Availability of Rulemaking Documents
You can get an electronic copy using the Internet by:
(1) Searching the Department of Transportation's electronic Docket Management System (DMS) Web page (http://dms.dot.gov/search);
(2) Visiting the FAA's Regulations and Policies Web page at http://www.faa.gov/regulations_policies/; or
(3) Accessing the Government Printing Office's Web page at http://www.gpoaccess.gov/fr/index.html.
You can also get a copy by sending a request to the Federal Aviation Administration, Office of Rulemaking, ARM-1, 800 Independence Avenue SW., Washington, DC 20591, or by calling (202) 267-9680. Make sure to identify the amendment number or docket number of this rulemaking.

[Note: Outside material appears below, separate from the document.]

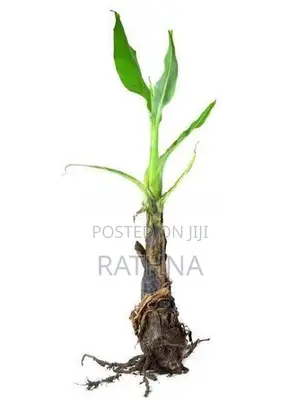කෙසෙල් පැළ Banana Plant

Anyone is able to search the electronic form of all comments received into any of our dockets by the name of the individual submitting the comment (or signing the comment, if submitted on behalf of an association, business, labor union, etc.). You may review DOT's complete Privacy Act statement in the Federal Register published on April 11, 2000 (Volume 65, Number 70; Pages 19477-78) or you may visit http://dms.dot.gov.
Small Business Regulatory Enforcement Fairness Act
The Small Business Regulatory Enforcement Fairness Act (SBREFA) of 1996 requires FAA to comply with small entity requests for information or advice about compliance with statutes and regulations within its jurisdiction. If you are a small entity and you have a question regarding this document, you may contact your local FAA official, or the person listed under FOR FURTHER INFORMATION CONTACT. You can find out more about SBREFA on the Internet at http://www.faa.gov/regulations_policies/rulemaking/sbre_act/.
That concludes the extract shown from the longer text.